Maggie doesn’t do that. Instead, she implies that Andrea wants Maggie to be less stressed so Andrea can swim in the 200IM. They fight after Maggie’s shitty inference. Up until this exchange, Maggie has been tolerant of Andrea’s pettiness, but in this chapter, we get to see that Maggie isn’t completely innocent. Andrea was showing genuine interest in Maggie’s well-being, but Maggie had to throw in some backhanded comment. Andrea can act immature, but Maggie doesn’t act like an adult either.

The next day, Dawn falls down some stairs and breaks her arm. She thinks Maggie pushed her like Nomi in Showgirls. Maggie goes home and falls asleep on the couch. Then she goes outside and falls asleep there. She wakes up and some weird old man is staring at her.
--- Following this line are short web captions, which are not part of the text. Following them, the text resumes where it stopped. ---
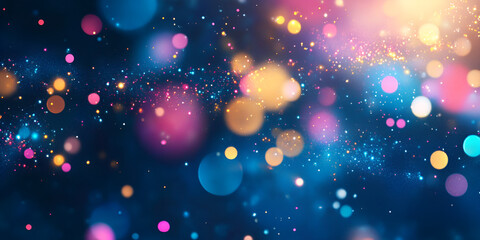 Canvas Print - celestial sparkle: abstract bokeh background with vibrant, colorful lights and glitter. perfect for 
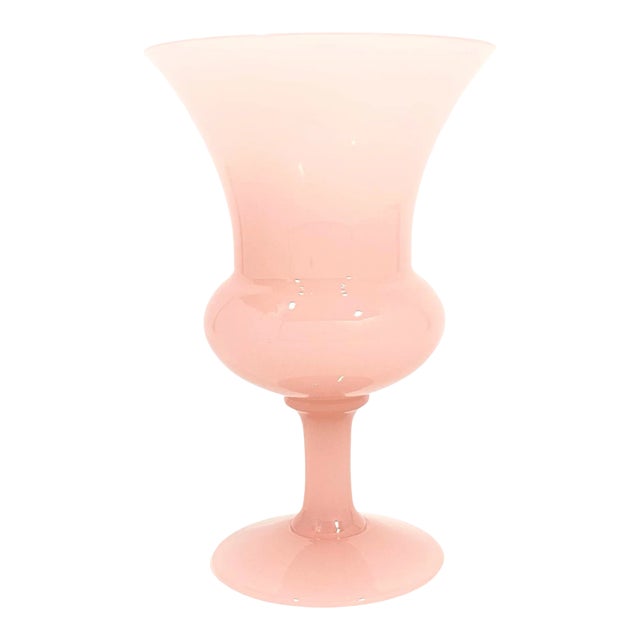 Blush Opaline Glass Vase For Sale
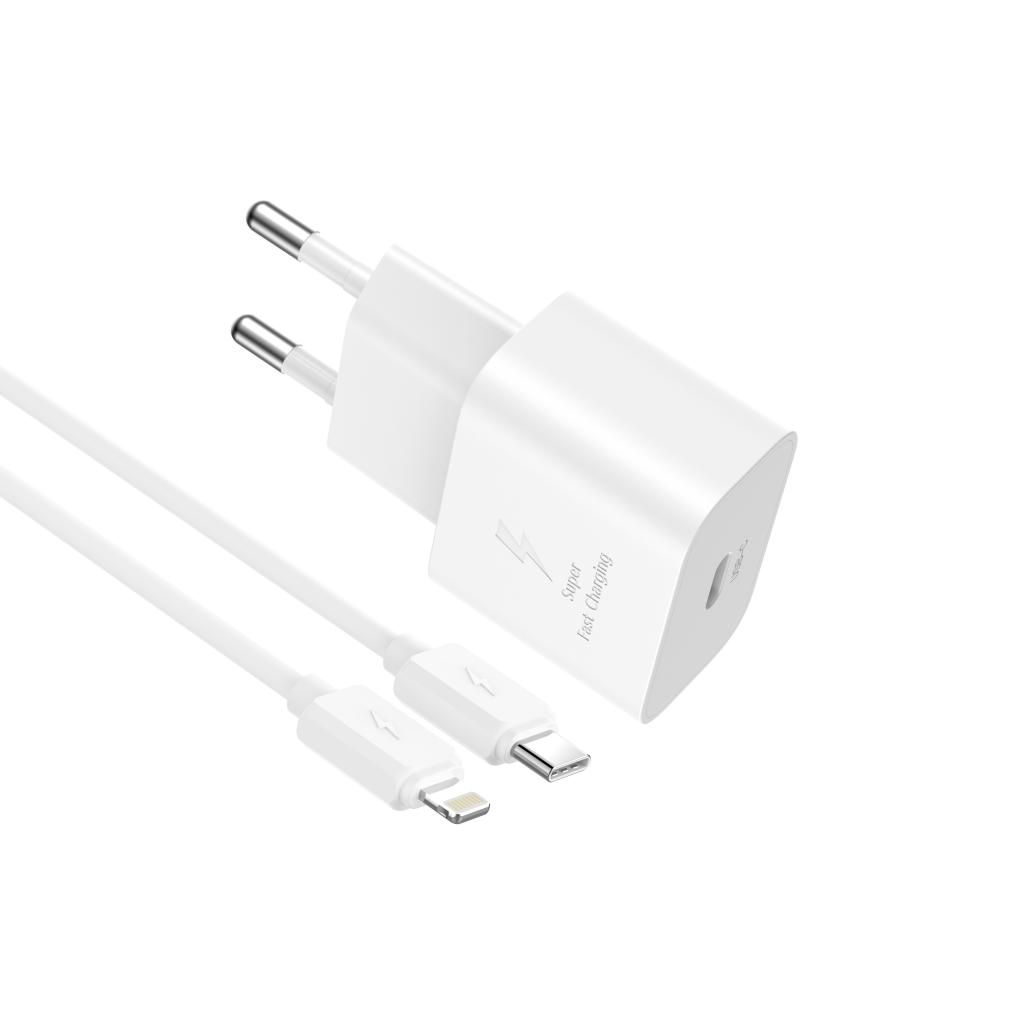 Mrežni punjač s Lightning kabelom XO Design L167, 25W, 3A, 1 x USB-C, Bijeli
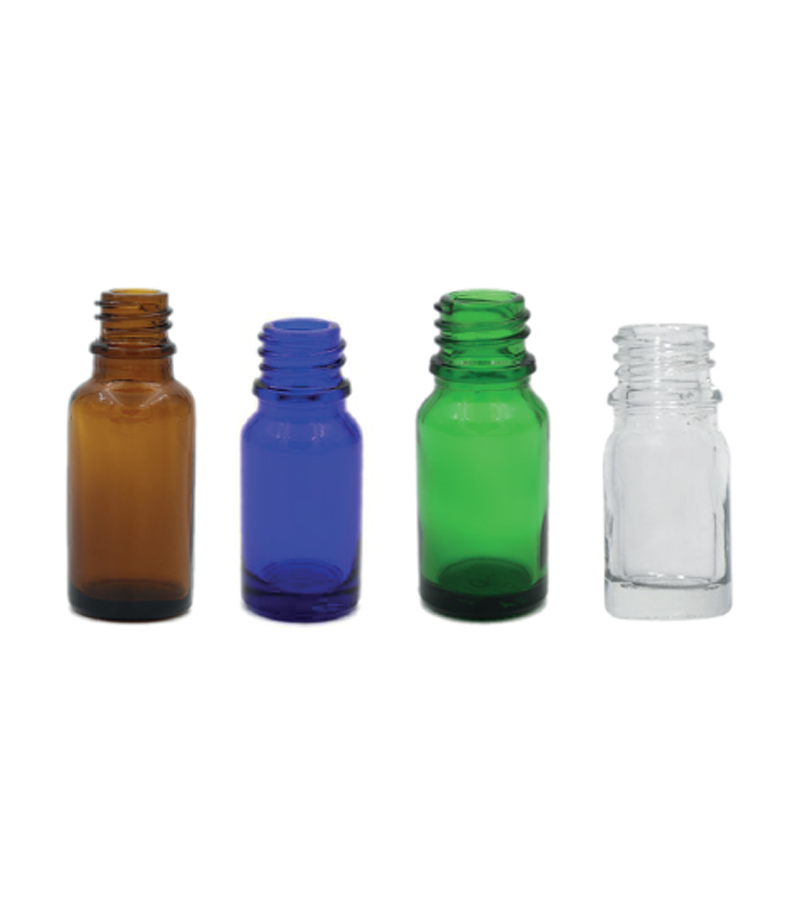Various types and sizes of Euro round glass bottles used in packaging oils, pharmaceuticals, cosmetic products, and gourmet food products.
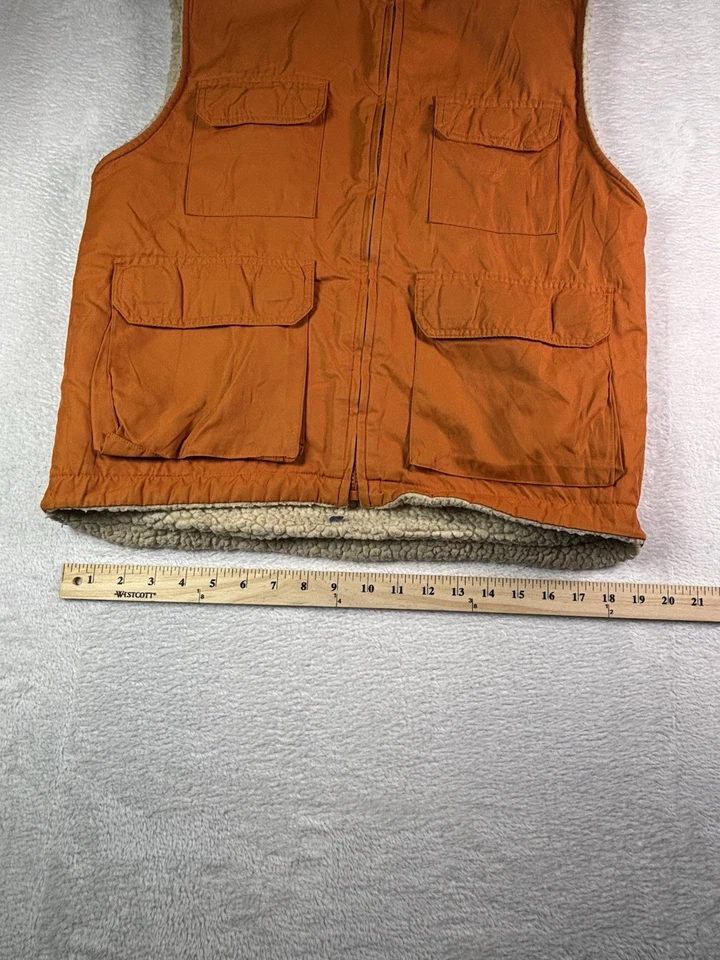 Antiguo Chaleco Azul Marino Niños Talla 12 Naranja Brillante Chaleco Interior Polar Juvenil Chaleco Exterior Foto 4 de 4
His name is Milton Avery, and in true deus ex machina form, he and his wife tell them about the murder that happened in the house.

Mr. Avery continued. “There was a girl about your age – named Miranda. Pretty girl with blond hair.”

Miranda!

Maggie knew instantly that Miranda had to be the blond girl in her dream!

“Did Miranda live in my house?” Maggie asked eagerly.

“She and her family lived in your house, yes,” answered Mr. Avery.

“Milton, that’s enough,” Mrs. Avery spoke up.

“No, please tell me,” Maggie pleaded.

“She was killed,” the old woman blurted out. “Murdered.”

“She was stabbed,” Mr. Avery said in a hushed whisper. “Stabbed right in her own bed.”

Yeah, that was pretty obvious from the prologue, but thanks, Old Man Avery, for peeping at seventeen-year-olds, I guess. He’s probably banned from the local mall.

Maggie dreams more and mistakes common household items (a curling iron) for various murdering paraphernalia (a knife). Her mother sends her to a therapist after Maggie yells, “I’ll never calm down!” That’s a totally normal thing to say there, Mags. That’ll work.

During swim practice, Tiffany wins the 200IM. Coach pulls Maggie aside and encourages her to work things out internally, within herself, and externally, with her sister. Maggie leaves Coach’s office and finds Tiffany covered in blood. Tiffany was stabbed! But she doesn’t die so that makes the current death count for this book just one unfortunate sister during the prologue. I understand not killing off Dawn – it’s an early incident in the book and Dawn is Maggie’s best friend. Tiffany, however, is a completely expendable character who we never see again.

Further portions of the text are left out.